-- DATA BELOW follows --
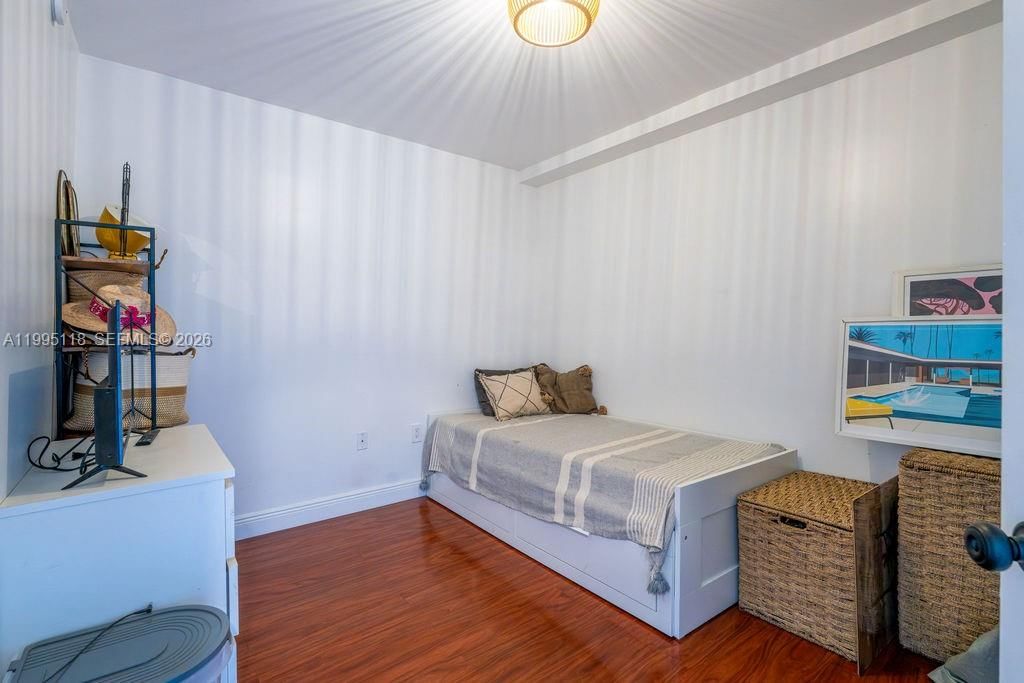 Real estate property located at 2740 28th Ter #705, Miami-dade, Villaggio In The Grove To, Miami, FL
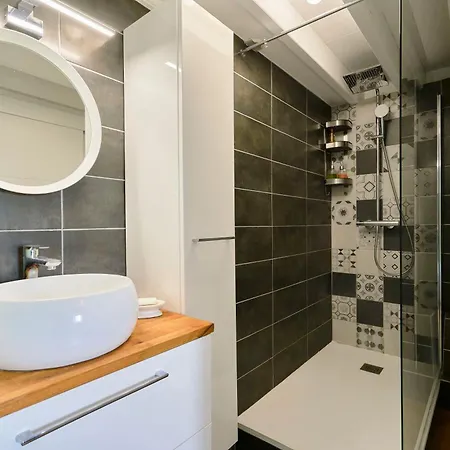 Διαμέρισμα Charme Et Serenite - T2 Lumineux - Proche Metro & Centre *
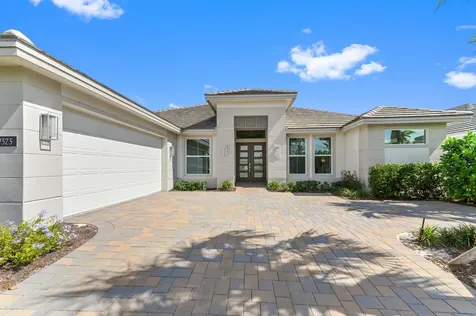 9323 SW Pinnacle Place Port St Lucie FL 34987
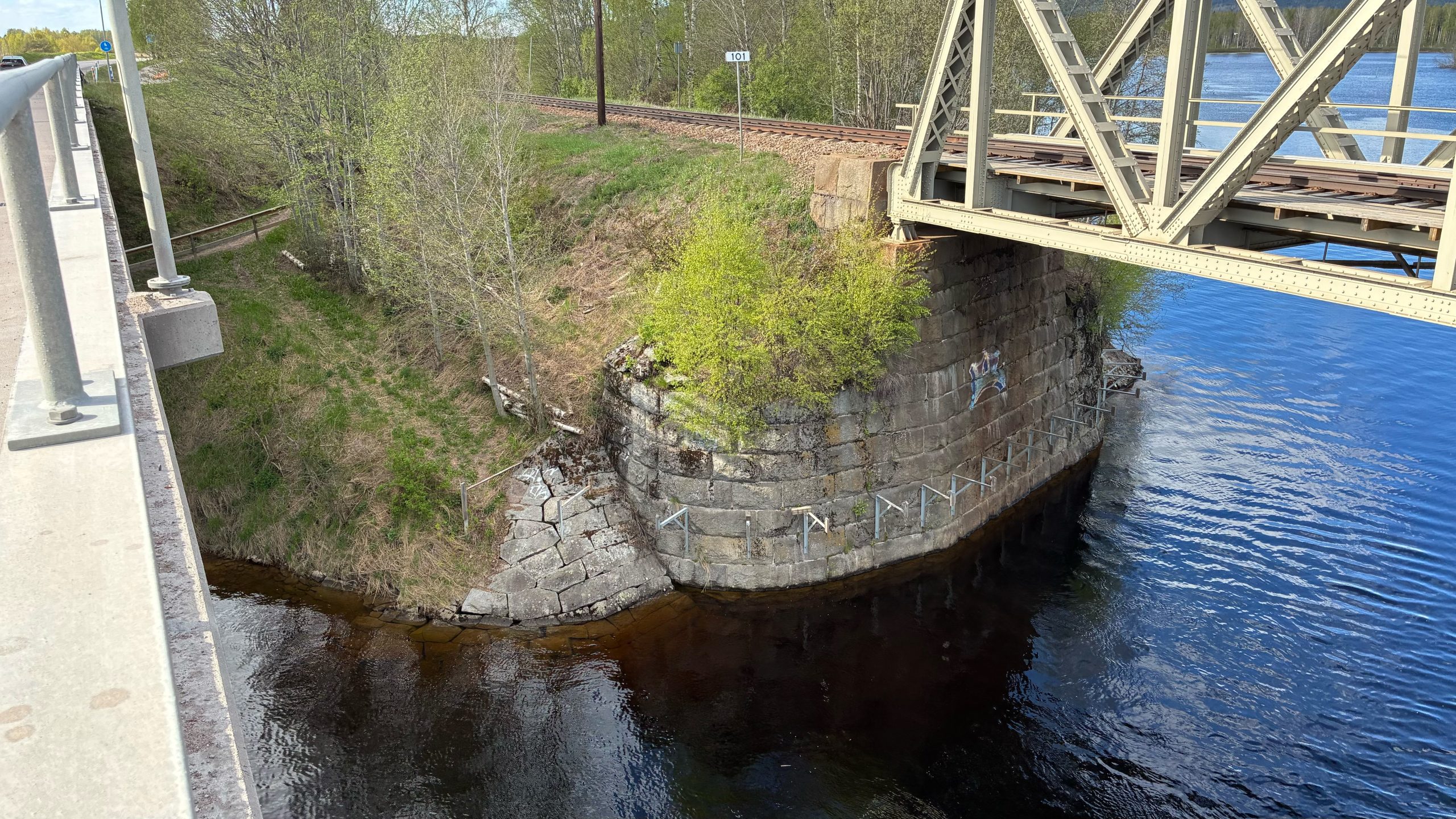 Bild tagen från vägbron som visar några utskjutande stöttor som bron tidigare har vilat på.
-- DATA BELOW concluded --
**WHAT THE TASK ASKS**
Set down the line containing "Διαμέρισμα Charme Et" and every line after it up to the end of the material, exactly as written, but not the pictures.

**SOLUTION FOR THIS PROBLEM**
 Διαμέρισμα Charme Et Serenite - T2 Lumineux - Proche Metro & Centre *
 9323 SW Pinnacle Place Port St Lucie FL 34987
 Bild tagen från vägbron som visar några utskjutande stöttor som bron tidigare har vilat på.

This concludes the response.